What is Accessibility?
It is thought that a website is should be accessible to all people whether disabled or able bodied or elderly.
On a website, accessibility depends on how a person’s disability affects the way they perceive information and how they navigate within and between pages.
Elements that affect accessibility include (http://www.bbc.co.uk/accessibility/best_practice/what_is.shtml):
- For people who can’t see very well: the colours and the contrast between colours; the size of text; the choice of fonts
- For people who are blind: how a screenreader interprets the elements on a page (for example, alt tags for images, and title tags for links); the inclusion of audio description for video content
- For people who can’t hear very well: how any audio content is represented graphically (for example, including subtitles or signing on video content)
- For people who find a keyboard or mouse hard to use: the ease with which someone can navigate to parts of the page (for instance, by tabbing); auto-completion of forms
- For people who find words difficult: the length of sentences and paragraphs; the complexity of the vocabulary; the choice of fonts and size of text; the availability of spelling checkers and word prediction; the opportunity to have text read out loud
According to W3C (https://www.w3.org/WAI/intro/accessibility.php): The Web is an increasingly important resource in many aspects of life: education, employment, government, commerce, health care, recreation, and more. It is essential that the Web be accessible in order to provide equal access and equal opportunity to people with disabilities. An accessible Web can also help people with disabilities and elderly people more actively participate in society.
Further research into accessibility highlighted you can actually be breaking the law if your site is not accessible to disabled users.
The law and Accessibility
If your business has a website, it should be accessible to disabled users. Along with ethical and commercial justifications for this there is also a legal reason: if your website does not meet certain design standards, then you could be sued for discrimination.
So far there have been two cases, actions were initiated by the Royal National Institute for the Blind (RNIB), and both out of court. Although the companies weren’t named it is a battle which any business would want to avoid.
More information on the law and accessibility: http://www.out-law.com/page-330
I thought Centre Parcs Accessibility policy very interesting, they include a statement signed by their Director’s and Chairman expressing their commitment to equal access to all.
According to Site Improve web accessibility is about allowing people with and without disabilities to have access to the information they want and need from your website. With a reported 1 in 5 people living with some sort of disability, organisations need to ensure that their websites are both functional and efficient for every user.

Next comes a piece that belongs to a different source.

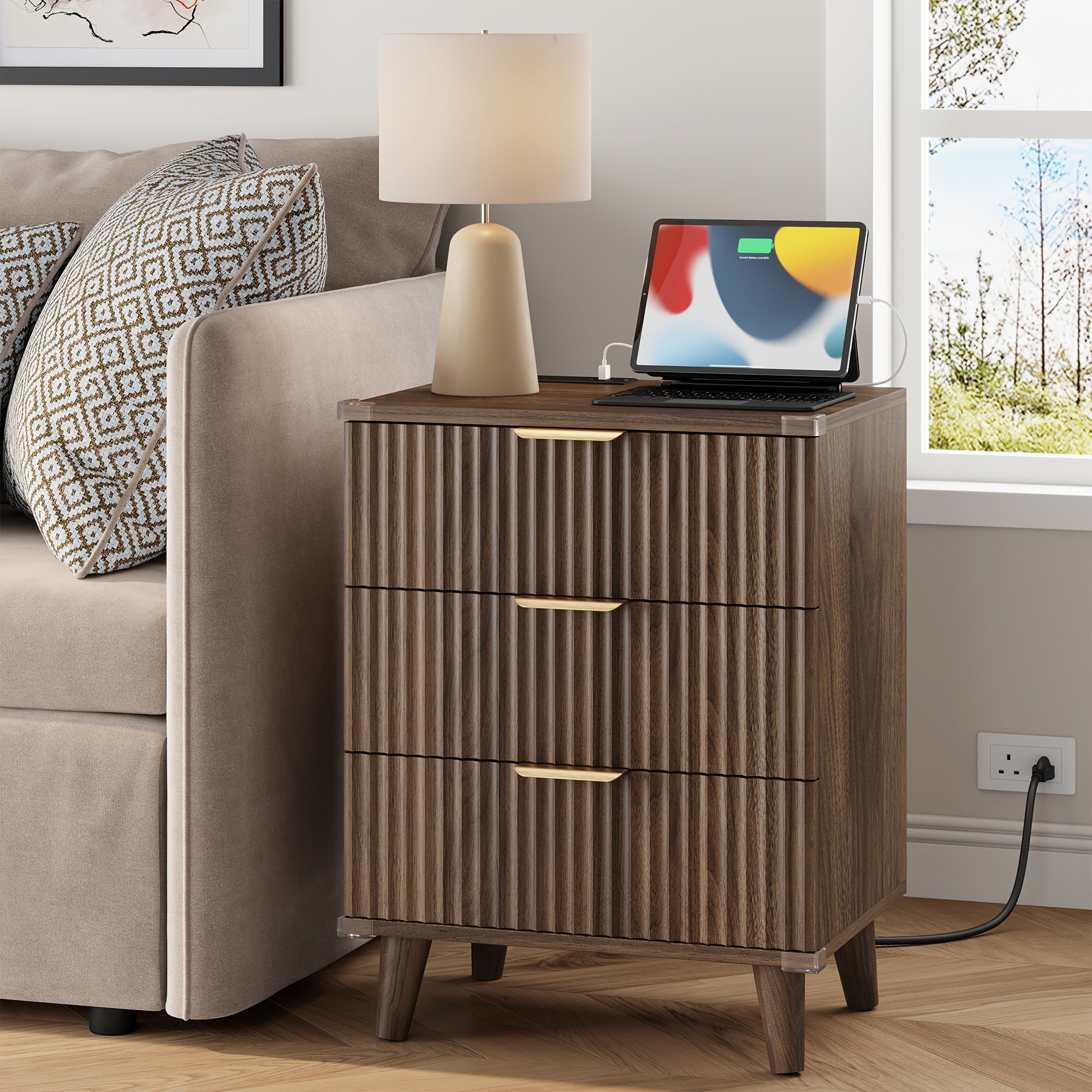 1pc Nightstand With Charging Station, Side Table With 3 Drawers, Bedside End Table With 2 USB Ports And 2 AC Outlets, Night Stand For Bedroom, Small Dresser For Small Spaces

Site Improve offer a service and an accessibility review of your website see link below:
Site Improve do not mention costs on their inital screen, it could be thought especially for larger companies and brands that this is a factor in the design of their website they cannot afford to ignore. However regardless of the size of an organisation behind a website this is an area that should be incorporated from the discovery and design stages as the user experience is a huge factor in the success or your site and you cannot provide a good user experience for all if not accessible to all.